Knowledgeable Lutherans are *adamant* that they are monergistic on the question of salvation. They also insist on the deadness of man's will, and the necessity of faith. And they believe in baptismal regeneration. And they believe that God so implants faith by baptism, and that God saves those who have faith, and keeps them in the faith by the means of grace. They believe election is "in Christ," meaning that the only way to understand election is to view Christ as elect and believers in him, and not that "persons" are elect (hence, Rom.9 is more of a "corporate" discussion of election to them, and not individual). And they believe that people can lose their salvation. And they bel--... 

Whoops. What was that? How can God give a gift (faith, salvation) and take it back, based on something I do/fail to do (maintain, attend, ... ) ??!? And yet it's ALL what God does (monergism), his giving, his maintaining me, his gift of faith...

Reformed people see an irreconcilable inconsistency there, an inconsistency based on how WE read the data, and based on a presumptively shared Augustinian basis for our doctrine of election. We have to allow that the Lutherans do not accept that reckoning of an inconsistency. We have to understand that they are actually critical of Augustin at certain points. They tend to follow the softening of certain Augustinian tenets by the Council of Orange.

Do I think Lutheran's inject a strong human-dependent element into their "monergism" at this point? Absolutely, I do. But, to their credit, they allow that it is only a negative element, that sin and its power is the source. How does it happen that God alone gives salvation equally to all recipients (of his means), nevertheless salvation is dependent on me when I hold or fail to hold on to it; and yet this salvation is ascribed to God's power alone, "from beginning to end." Is it, or isn't it, we ask. Isn't God responsible for the strength and practice of my grip? And why mine, and not that guy's, if it hasn't to do with election?

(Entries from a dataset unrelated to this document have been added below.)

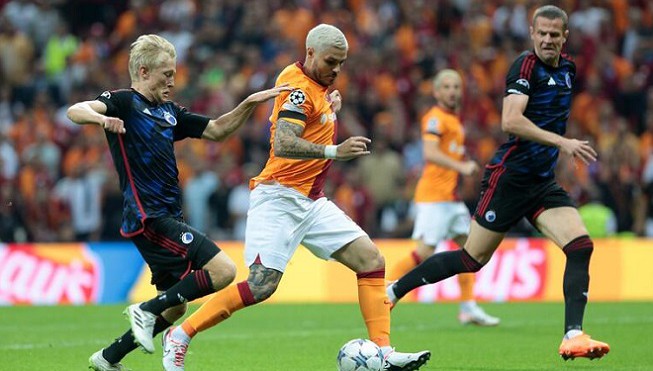 Galatasaray, Şampiyonlar Ligi'ne beraberlik ile başladı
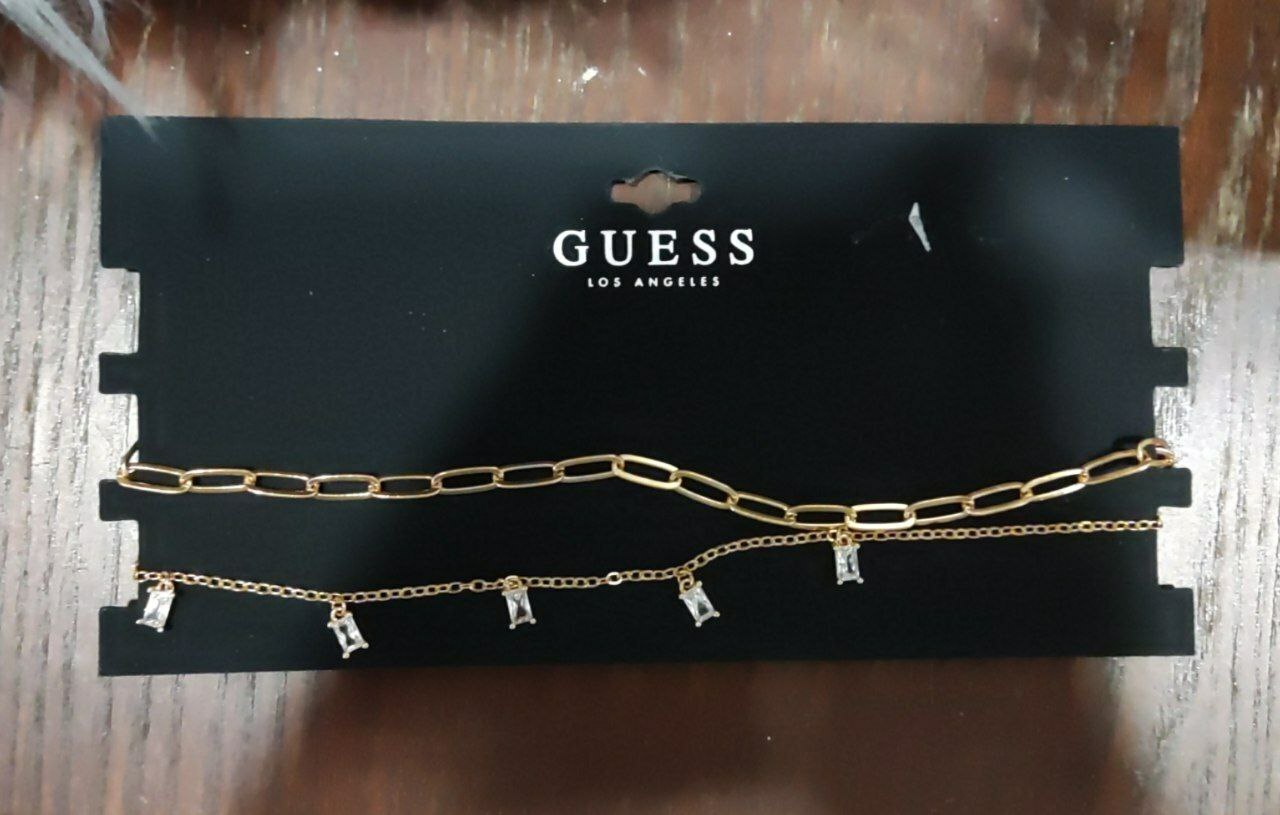 [S] GUESS NECKLACE SET, 21862138410 (SGU207)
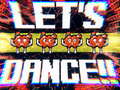 Žaidimas Let's Dance!!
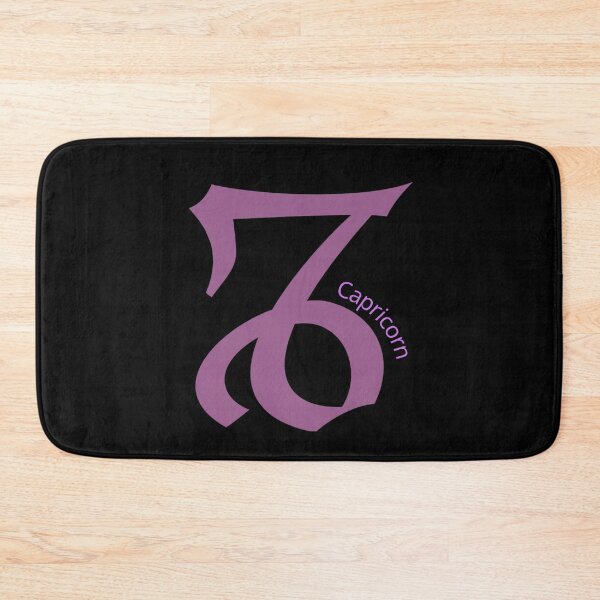Item preview, Capricorn Zodiac Sign Symbol designed and sold by Hellofriendco.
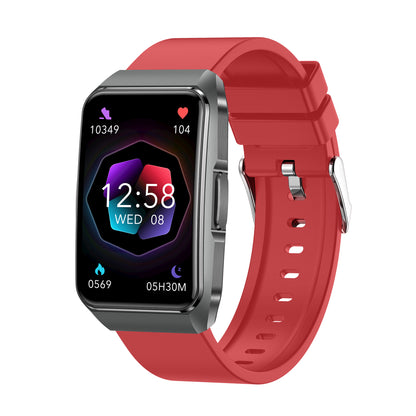 KH650 1.57" Ultra-HD Retina High-End Micro-Health Management Bracelet, ECG Heart Rate SpO2 Sleep Tracking, Emotion & Fatigue Detection, Bluetooth Calling Watch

And the Lutheran says, "It's a mystery. We just know you are wrong to say it is about pretemporal elect persons or not."

Reactions: Edifying 1


----------



## InSlaveryToChrist

Could it be possible that at some point in his late years Luther radically changed his own view of God's sovereignty, election, love and/or the Atonement from the theology he had AFTER he came to embrace salvation by faith alone?

---------- Post added at 03:07 PM ---------- Previous post was at 03:06 PM ----------




CharlieJ said:


> At least at the beginning part of the sermon, Luther is combating those who try to separate the end (election to salvation) from the means (faith and holiness).



That's exactly the impression I got from the text! But then the end part seems very odd, indeed.


----------



## elnwood

Contra_Mundum said:


> Whoops. What was that? How can God give a gift (faith, salvation) and take it back, based on something I do/fail to do (maintain, attend, ... ) ??!? And yet it's ALL what God does (monergism), his giving, his maintaining me, his gift of faith...



I remember seeing a chart that distinguished between monergism and synergism before and after conversion.

Calvinism is monergism for both, Arminianism is synergism for both, Lutheranism is monergism before conversion and synergism after conversion, and "once-saved-always-saved" is synergism before conversion and monergism after conversion. It's generalized in a lot of ways, but I found it helpful conceptually.


----------



## Contra_Mundum

Thanks, Don. That's actually a very nice summary, possibly a bit stereotyped, but I think I'll file that away under "soundbite answers."


----------